Scientists in Singapore have developed a technology that allows two robots to work together to 3D-print a concrete structure.
Dubbed swarm printing, the method of concurrent 3D-printing from Nanyang Technological University (NTU) is said to pave the way for a team of mobile robots to print even bigger structures.
Developed by Assistant Professor Pham Quang Cuong and his team at NTU’s Singapore Centre for 3D Printing, this new multi-robot technology was published in Automation in Construction. The NTU scientist was also behind the Ikea Bot earlier this year where two robots assembled an Ikea chair in 8 min 55s.
According to NTU, this new development will allow for unique concrete designs not currently possible with conventional casting, thanks in part to a specially formulated cement mix suitable for 3D printing.
Currently, 3D-printing of large concrete structures requires huge printers that are larger than the printed objects, which is unfeasible on construction sites with space constraints. Having multiple mobile robots that can 3D print in sync means large structures like architectural features and specially-designed facades can be printed anywhere as long as there is enough space for the robots to move around the work site.
The NTU robots 3D-printed a concrete structure measuring 1.86m x 0.46m x 0.13m in eight minutes. It took two days to harden and one week for it to achieve its full strength before it was ready for installation.
“We envisioned a team of robots which can be transported to a work site, print large pieces of concrete structures and then move on to the next project once the parts have been printed,” said Asst Prof Pham from NTU’s School of Mechanical and Aerospace Engineering.
“This research builds on the knowledge we have acquired from developing a robot to autonomously assemble an Ikea chair. But this latest project is more complex in terms of planning, execution, and on a much larger scale.”

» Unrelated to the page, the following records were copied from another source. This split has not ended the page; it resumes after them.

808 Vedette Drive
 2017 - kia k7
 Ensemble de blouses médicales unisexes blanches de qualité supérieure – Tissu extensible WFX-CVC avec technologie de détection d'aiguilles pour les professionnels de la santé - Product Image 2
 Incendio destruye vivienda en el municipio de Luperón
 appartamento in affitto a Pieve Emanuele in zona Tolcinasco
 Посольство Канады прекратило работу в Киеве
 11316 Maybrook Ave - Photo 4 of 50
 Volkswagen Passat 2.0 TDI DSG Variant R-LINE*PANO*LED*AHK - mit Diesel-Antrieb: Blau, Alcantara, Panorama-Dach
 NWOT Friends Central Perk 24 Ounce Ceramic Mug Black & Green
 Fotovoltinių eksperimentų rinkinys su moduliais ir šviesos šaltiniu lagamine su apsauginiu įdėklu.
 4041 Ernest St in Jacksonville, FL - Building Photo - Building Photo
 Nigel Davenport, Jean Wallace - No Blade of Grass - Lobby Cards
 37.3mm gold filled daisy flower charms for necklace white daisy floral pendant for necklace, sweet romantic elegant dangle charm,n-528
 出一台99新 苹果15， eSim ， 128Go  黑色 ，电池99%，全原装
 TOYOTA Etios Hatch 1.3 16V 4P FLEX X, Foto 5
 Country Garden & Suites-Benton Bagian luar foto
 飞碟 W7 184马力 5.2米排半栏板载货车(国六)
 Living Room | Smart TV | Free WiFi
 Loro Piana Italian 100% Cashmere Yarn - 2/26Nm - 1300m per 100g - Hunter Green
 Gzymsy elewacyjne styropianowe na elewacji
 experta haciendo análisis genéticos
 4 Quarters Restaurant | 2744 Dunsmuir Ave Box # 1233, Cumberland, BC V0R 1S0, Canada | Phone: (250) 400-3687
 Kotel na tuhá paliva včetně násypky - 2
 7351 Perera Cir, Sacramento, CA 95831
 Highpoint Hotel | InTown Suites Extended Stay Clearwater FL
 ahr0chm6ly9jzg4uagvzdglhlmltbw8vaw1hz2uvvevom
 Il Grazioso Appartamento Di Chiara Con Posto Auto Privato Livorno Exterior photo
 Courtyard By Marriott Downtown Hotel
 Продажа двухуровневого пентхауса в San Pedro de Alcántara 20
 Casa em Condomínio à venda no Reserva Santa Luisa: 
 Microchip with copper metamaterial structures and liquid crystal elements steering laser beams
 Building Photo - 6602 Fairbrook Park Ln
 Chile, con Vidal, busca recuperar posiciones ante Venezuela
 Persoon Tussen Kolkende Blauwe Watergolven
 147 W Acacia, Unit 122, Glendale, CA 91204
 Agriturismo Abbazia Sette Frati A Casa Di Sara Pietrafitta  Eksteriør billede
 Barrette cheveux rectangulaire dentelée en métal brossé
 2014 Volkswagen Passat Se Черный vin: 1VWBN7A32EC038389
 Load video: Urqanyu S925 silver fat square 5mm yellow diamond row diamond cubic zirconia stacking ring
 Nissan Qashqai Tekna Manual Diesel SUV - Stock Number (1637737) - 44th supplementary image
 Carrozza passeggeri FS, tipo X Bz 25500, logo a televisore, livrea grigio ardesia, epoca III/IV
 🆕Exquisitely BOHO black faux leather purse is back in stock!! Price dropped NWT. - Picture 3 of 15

NTU said that its multi-step process starts with a computer mapping out the design to be printed and assigning a specific part of the printing to a robot. It then uses a special algorithm to ensure that the robot arms will not collide during the concurrent printing.
Using precise location positioning, the robots then move into place and print the parts, ensuring that the joints between the separate parts are overlapped. Finally, the mixing and pumping of the specialised liquid concrete mix have to be blended evenly and synchronised to ensure consistency.
Next steps for the NTU team involve integrating more robots to print larger scale structures, optimising the printing algorithm for consistent performance and to improve the concrete material for faster curing.